The sessions for 1982’s Living My Life marked a culmination of the synchronicity between Jones and the All-Stars. “Blackwell felt the band was so good it deserved to be doing its own material,” Badarou remembers. As a result, the album was made up entirely of originals, save for a cover of Melvin Van Peebles’ “The Apple Stretching”. Each song began with Jones’ lyrics, from which Reynolds wrote the music to fit.
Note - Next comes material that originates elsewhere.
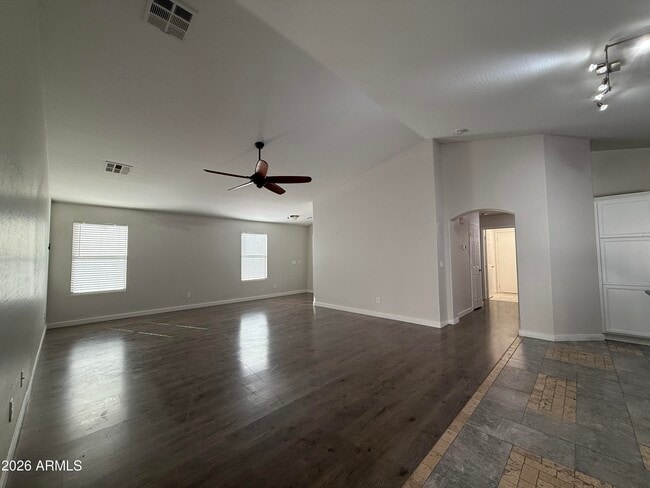 Building Photo - 6723 W Beverly Rd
Recorded in the wake of her breakup with Jean-Paul Goude, the album found Jones getting deeper and more rigorously percussive: The percolating lead track, “My Jamaican Guy”, has been sampled by acts from La Roux to LL Cool J. The title track was eventually left off the album but it showcased just how personal the work was for Jones, a world away from the show tunes and entendres. “You kill me for living my life,” she sang. “As much as I can, as black as I am.”

By 1982, AIDS and Reaganomics were striking down Jones’ core audience, and the freedoms of the previous decade shifted to contractions. MTV arrived, and the New Wave dance sounds it championed—sonic stepchildren of Jones including Eurythmics, Culture Club, and Duran Duran—launched a second English invasion on the charts. Jones’ singular appearance and meticulously crafted presentation made her a natural fit for the burgeoning music video medium, especially in its early, experimental days.
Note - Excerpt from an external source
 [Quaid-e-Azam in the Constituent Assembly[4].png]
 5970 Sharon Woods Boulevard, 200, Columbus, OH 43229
She asserted herself as an astute visual artist with her 1982 VHS release, A One Man Show. Directed by Goude and nominated in ’84 for the first Best Long Form Music Video Grammy, it combined still photography, concert footage, and video clips to distill the pair’s simultaneously sensational and intimate collaborations into a heated, unbroken montage. Jones donned pointedly geometric designs that accentuated her angles while clad in screaming Pop-Art colors that flashed and flattered. Goude’s art direction came alive through Jones, who glared at the camera as if possessed; she was imposing, alien, almighty—it’s not surprising that she would soon be stealing scenes in films like Conan the Destroyer and A View to a Kill.

What came after One Man and the Compass Point trilogy would have to top them, which is precisely what “Slave to the Rhythm” did. Bruce Woolley, co-writer of the Buggles’ “Video Killed the Radio Star”, wrote the song on spec for Frankie Goes to Hollywood, but helped to re-draft it for Jones. Producer Trevor Horn was brought in, and a nine-month studio odyssey ensued, allegedly costing Island $385,000—a fortune for a singer who had never scaled the U.S. pop charts. (The exorbitant single was offset by padding its accompanying album with eight different versions of the track in attempt to break even.)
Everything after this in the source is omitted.